As you work through your initial college list, other questions may pop up. Some colleges ask you to apply by major, and the requirements for admission by major may vary in selectivity. STEM majors (science, technology, engineering, and math) tend to be more selective than other majors, and often require a more rigorous high school curriculum. If you are applying by major, make sure you do your research! The University of Texas – Austin and FSU have published resources to help you further examine majors and their requirements. Additionally, while some schools may allow you to change your major once admitted, you may still need to remain within the college to which you were admitted. For example, if you were admitted to the college of liberal arts and sciences, you may not be able to easily transfer into the school of business. Rest assured, many schools don’t ask you to declare a major before junior year. And, did you know that Undecided is the most popular major for freshmen?
Another point to consider is the cost of college. The cost of attending a private college for four years can exceed $275,000. While in-state public universities tend to be financially more attractive at $20,000-25,000/year, merit aid and scholarships can put the cost of an expensive private college within reach. You can estimate the costs by using a College Net Price Calculator. Find one here. Knowing your Estimated Financial Contribution (EFC) will further help you narrow your college list.

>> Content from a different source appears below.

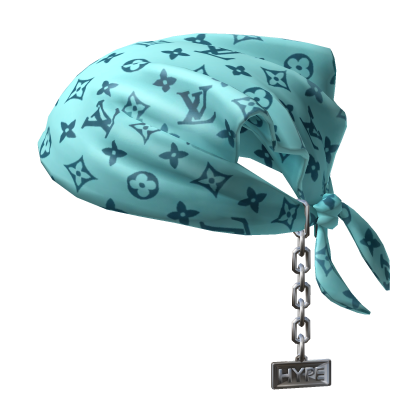 Tied Baddie LV Bandana Designer Hat with Chain  Roblox item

Creating your college list comes down to the intersection of fit and match. College fit is the degree to which a college meets your academic, social, financial, and other needs and interests. College match refers to how YOU meet the college's requirements for admission. Begin with the most important criteria: structure -- looking at school size and type; admissibility -- your chances of getting in based on grades, test score, and selectivity; and intrinsic qualities – where you consider those personal factors like motivation and learning style and how they match up with prospective schools.